OWNER OF DENVER SUGARS/DENVER PLAYERS INDICTED

            DENVER – Brenda L. Stewart, age 35, of Denver, Colorado, was indicted by a federal grand jury in Denver late yesterday on charges of tax evasion, use of interstate communication facilities in aid of racketeering, witness tampering, and money laundering related to her prostitution business, United States Attorney John Walsh and IRS – Criminal Investigation Special Agent in Charge Christopher Siegerson announced.  A summons was issued for Stewart to appear in U.S. District Court in Denver for her initial appearance on November 30, 2010, at 1:30 p.m. before U.S. Magistrate Judge Craig B.  Shaffer.
            According to the indictment, the first tax evasion count alleges that beginning on January 1, 2005, and continuing through April 17, 2006, Stewart did willfully attempt to evade and defeat payment of income tax due to the United States for the calendar year 2005.  Stewart earned income from her prostitution business known as Denver Sugar/Denver Players, first through working as a prostitute and later through purchasing and then operating the Denver Sugar/Denver Players business.
            The second tax evasion count alleges that beginning on January 1, 2006, and continuing through April 16, 2007, Stewart did willfully attempt to evade and defeat income tax due to the United States for calendar year 2006. 

Both counts allege that Stewart created a company called Phoenix Media and Consulting LLC.  She used this company to open a bank account to receive and distribute money from her prostitution business.  Stewart used some of the receipts from the business to pay the purchase price of $150,000 from the previous owner.  She also did not provide a majority of the employees with Forms 1099 or other required tax documents.  Stewart filed a false 1040 individual income tax return for 2005, and she failed to file an individual tax return for 2006.
            According to the use of interstate commerce facility in aid of racketeering counts, Stewart did use a facility in interstate commerce, namely wire communication facilities, with intent to distribute the proceeds of her unlawful activity – namely the prostitution offenses.  She is also accused of using an interstate commerce facility in aid of racketeering with the intent to promote, manage, and facilitate prostitution offenses by maintaining and causing the maintenance of websites for her businesses.
            On January 25, 2008, search warrants were executed at Stewart’s home and the “in-call” prostitution address.  The witness tampering allegation is that on January 28, 2008, after the search warrants were executed, Stewart corruptly asked the person she paid to maintain her business websites to permanently delete those websites.
            The money laundering counts in the indictment allege that Stewart did knowingly conduct and attempt to conduct financial transactions affecting interstate commerce by transferring funds from a Phoenix Media and Consulting LLC account at Community Banks of Colorado into the defendant’s personal account, knowing the proceeds were from the use of interstate commerce facilities in aid of racketeering activity.  The transactions were designed, the indictment states, to conceal and disguise the nature and source of the proceeds of the unlawful activity.
            Lastly, the indictment includes a forfeiture allegation, which states that upon conviction of one or more of the offenses listed above, Stewart will be required to forfeit the traceable proceeds of her illegal activity, including over $110,000 in U.S. currency.    

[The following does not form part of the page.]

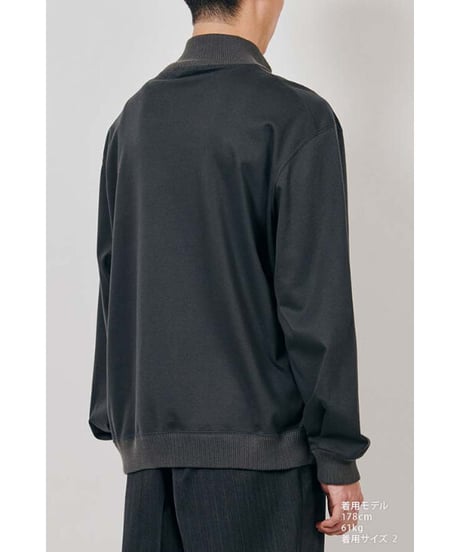DIGAWEL  Rib P/O【C.GRAY】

If convicted of tax evasion, the defendant faces not more than 5 years in federal prison, and a fine of not more than $250,000.  If convicted of use of an interstate communication facility in aid of racketeering, Stewart faces not more than 5 years imprisonment, and up to a $250,000 fine, per count for each of the 28 counts.  If convicted of witness tampering, the defendant faces not more than 20 years imprisonment, and up to a $250,000 fine.  If convicted of money laundering, Stewart faces not more than 20 years in federal prison, and a fine of up to $500,000, per count for each of the 39 counts.
            “The success of this investigation is attributable to our partnership with the Denver Police Department and the United States Attorney’s Office,” said Christopher M. Sigerson, Special Agent in Charge, IRS Criminal Investigation, Denver Field Office.  “Each agency fulfills a unique role and IRS CI’s mission in this regard is to follow the money trail to financially disrupt and dismantle these organizations.”
            This case was investigated by the IRS – Criminal Investigation with assistance from the Denver Police Department.
            The defendant is being prosecuted by Assistant U.S. Attorney Matthew Kirsch.
            The charges in the indictment are allegations, and the defendant is presumed innocent unless and until proven guilty.